Norway environment restrictions to limit fish farm growth

OSLO (Reuters) - Norway will allow fish farms to increase output by around 5 percent, or 60,000 tones a year, but only if they meet stricter regulations on sea lice, the biggest challenge for the sector, Fisheries Minister Elisabeth Aspaker said on Monday.

The new measures could reduce sea lice by around 30 percent, Aspaker told a news conference.

“The capacity increase will take effect from 2015,” she said.

The government simultaneously abandoned a proposal from a group of experts that would have allowed fish farmers to calculate their quotas (MTB) on a rolling average basis, which could have resulted in an even larger capacity increase.

The long-term average output growth from Norwegian fish farms has been about 10 percent per year.

Several fish farmers, including top producers like Marine Harvest and Cermaq, had criticized the original proposal, arguing the problems with sea lice should get top priority.

“We are very satisfied that the minister is now moving away from the previous proposal of a rolling average MTB,” Cermaq Chief Executive Jon Hindar told Reuters, adding that the proposal announced Monday is “consistent with the company’s view that the industry needs to keep growing in a sustainable manner”.

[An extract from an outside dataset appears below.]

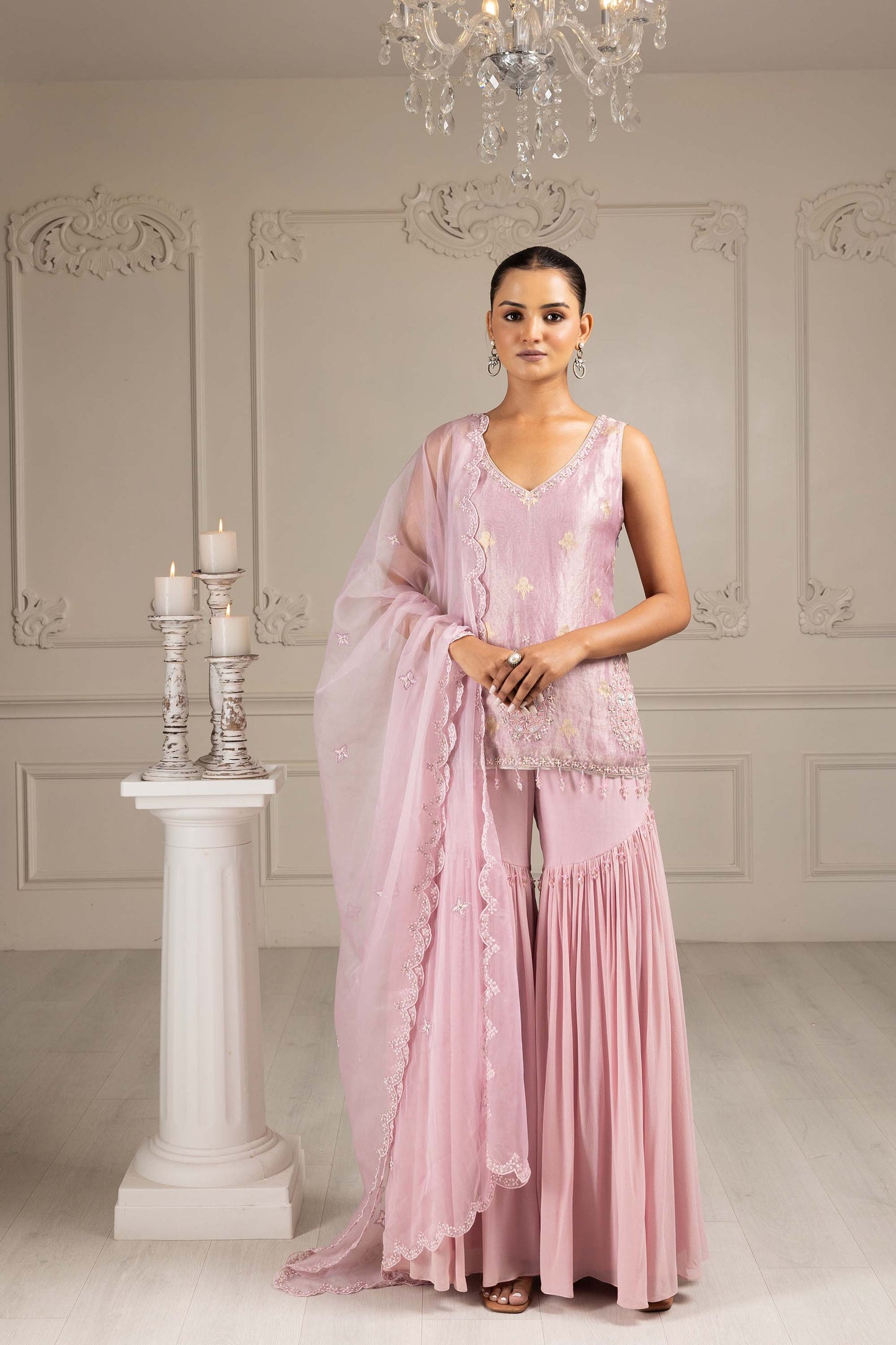 Royalty Lilac Banaras Organza Thread & Pearl Festive Sharara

“At first glance, this is very positive,” Hindar said.

But the new plan may limit output growth by even more than the government has proposed, as the environmental goals will be tough to meet, analyst Kolbjoern Giskeoedegaard at Nordea Markets said.

“The conditions are so strict that only companies operating in Troms and Finmark can meet them, said Giskeoedegaard, pointing out that sea lice is a less prevalent phenomenon in Norway’s two northernmost counties.

These areas represent about 15-20 percent of the total salmon production in Norway, and several of the fish farmers located there have chosen not to use all of the capacity they have today.

“My assumption is that this will only give a production growth of between 15.000 to 20.000 tonnes next year, which is a very moderate growth”, said Giskeoedegaard.

Fish farmers must pay a 1.5 million Norwegian crown ($244,300) fee for each of their 1,000 existing licenses to be allowed to increase output.

The government will not launch any new rounds to award additional licenses until 2017 at the earliest, Aspaker said.

Norway is the world’s biggest salmon farmer with around half of the global output and its top producers include Marine Harvest, Salmar, Cermaq, Leroey, Grieg Seafood and Norway Royal Salmon.

The fish farming shares easily outperformed the overall Norwegian stock market, with Marine Harvest up by 1.6 percent and Leroey Seafood the top gainer, up 3.8 percent, by 0940 GMT (5.40 a.m. EDT). The Oslo benchmark index was meanwhile up by 0.3 percent.